** About this exercise **
Pictures found in the material must be left out, and every line returned as written.

** Data extract **

++++++

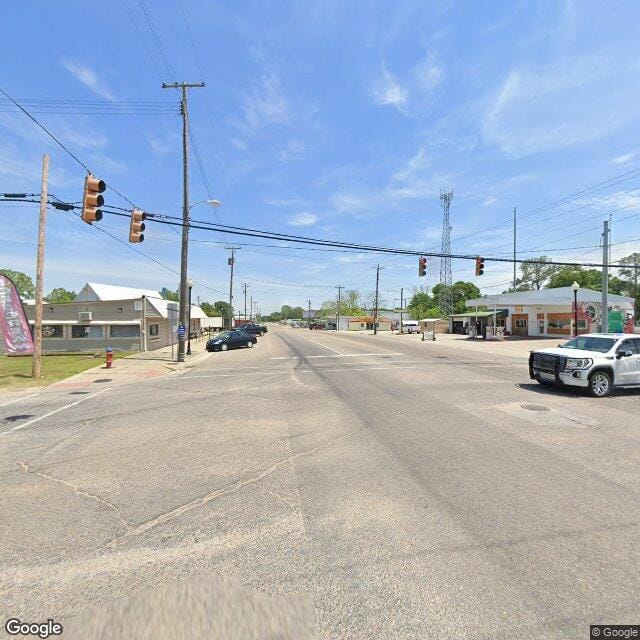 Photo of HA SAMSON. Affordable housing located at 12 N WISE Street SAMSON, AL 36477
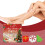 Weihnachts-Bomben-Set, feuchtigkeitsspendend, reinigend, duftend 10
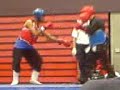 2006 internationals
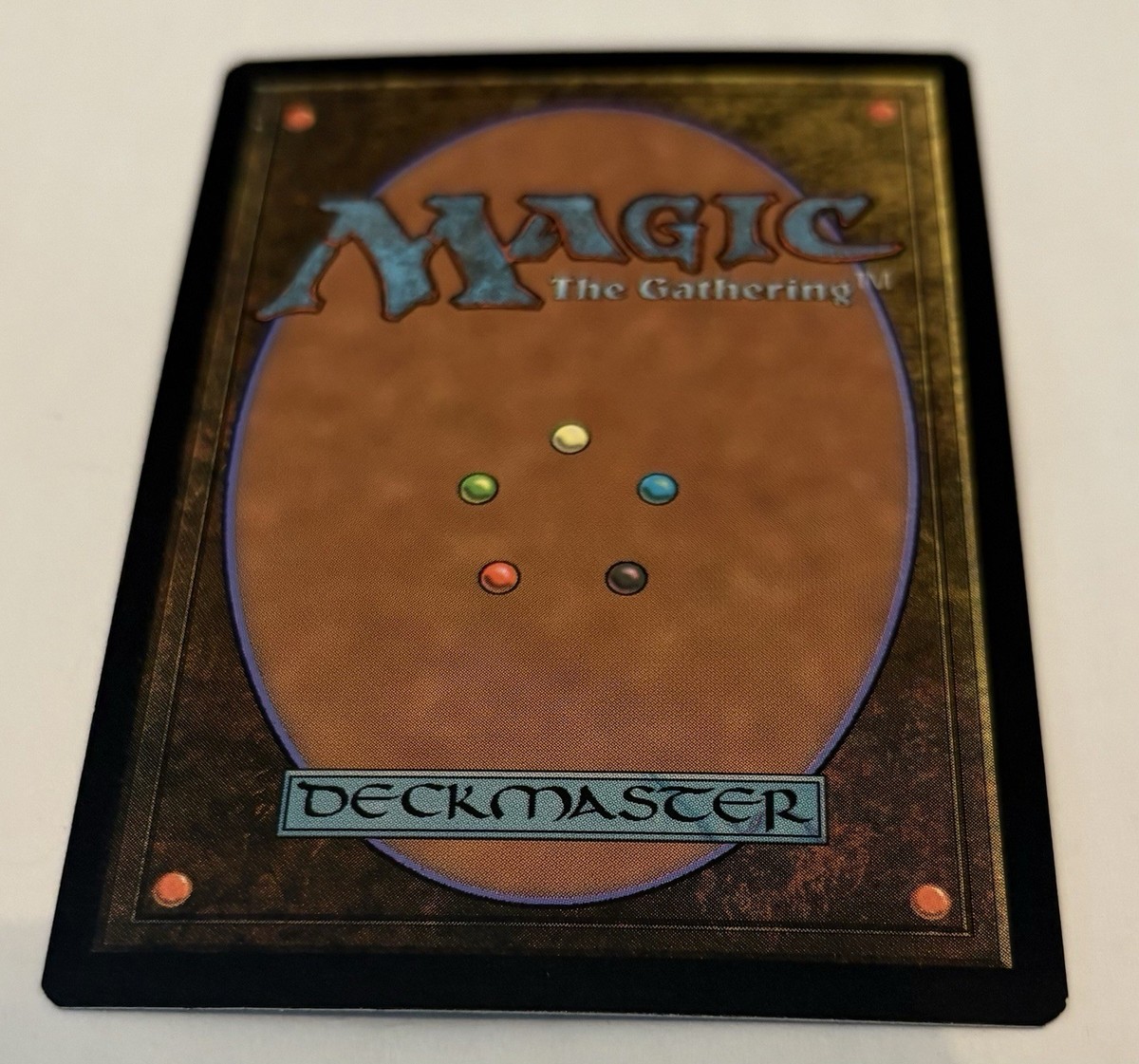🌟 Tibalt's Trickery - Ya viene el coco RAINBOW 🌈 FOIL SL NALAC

++++++

** Solution **
 Photo of HA SAMSON. Affordable housing located at 12 N WISE Street SAMSON, AL 36477
 Weihnachts-Bomben-Set, feuchtigkeitsspendend, reinigend, duftend 10
 2006 internationals
🌟 Tibalt's Trickery - Ya viene el coco RAINBOW 🌈 FOIL SL NALAC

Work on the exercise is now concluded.